Control Binary Execution on Multiple CPU Cores

Environment Variables

The following environment variables control the placement of SYCL* or OpenMP* threads on multiple CPU cores during program execution. Use these variables if you are using the OpenCL™ runtime CPU device to offload to a CPU.

Table 3 SYCL* or OpenMP* evnironmental variables

Environment Variable

Description

DPCPP_CPU_CU_AFFINITY

Set thread affinity to CPU. The value and meaning is the following:

  • close - threads are pinned to CPU cores successively through available cores.

  • spread - threads are sread to available cores.

  • master - threads are put in the same cores as master. If DPCPP_CPU_CU_AFFINITY is set, master thread is pinned as well, otherwise master thread is not pinned.

This environment variable is similar to the OMP_PROC_BIND variable used by OpenMP.

Default: Not set

DPCPP_CPU_SCHEDULE

Specify the algorithm for scheduling work-groups by the scheduler. Currently, the SYCL runtime uses Intel® oneAPI Threading Building Blocks (Intel® oneTBB) for scheduling. The value selects the petitioner used by the Intel oneTBB scheduler. The value and meaning is the following:

  • dynamic - Intel oneTBB auto_partitioner. It performs sufficient splitting to balance load.

  • affinity - Intel oneTBB affinity_partitioner. It improves auto_partitioner’s cache affinity by its choice of mapping subranges to worker threads compared to

  • static - Intel oneTBB static_partitioner. It distributes range iterations among worker threads as uniformly as possible.
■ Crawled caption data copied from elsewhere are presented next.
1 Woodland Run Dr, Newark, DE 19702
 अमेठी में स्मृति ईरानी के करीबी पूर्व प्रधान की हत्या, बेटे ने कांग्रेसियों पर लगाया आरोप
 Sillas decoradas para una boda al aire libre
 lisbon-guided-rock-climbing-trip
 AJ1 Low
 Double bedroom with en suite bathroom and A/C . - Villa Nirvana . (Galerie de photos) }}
Intel oneTBB partitioner relies grain-size to control chunking. Grain-size is 1 by default, indicating every work-group can be executed independently.

Default: Dynamic

DPCPP_CPU_NUM_CUS

Set the numbers threads used for kernel execution.

To avoid over subscription, maximum value of DPCPP_CPU_NUM_CUS should be the number of hardware threads. If DPCPP_CPU_NUM_CUS is 1, all the workgroups are executed sequentially by a single thread and this is useful for debugging.

This environment variable is similar to OMP_NUM_THREADS variable used by OpenMP.

Default: Not set. Determined by Intel oneTBB.

DPCPP_CPU_PLACES

Specify the places that affinities are set. The value is { sockets | numa_domains | cores | threads }.

This environment variable is similar to the OMP_PLACES variable used by OpenMP.

If value is numa_domains, Intel oneTBB NUMA API will be used. This is analogous to OMP_PLACES=numa_domains in the OpenMP 5.1 Specification. Intel oneTBB task arena is bound to numa node and SYCL nd range is uniformly distributed to task arenas.

DPCPP_CPU_PLACES is suggested to be used together with DPCPP_CPU_CU_AFFINITY.

Default: cores

See the Intel oneAPI DPC++/C++ Compiler Developer Guide and Reference for more information about all supported environment variables.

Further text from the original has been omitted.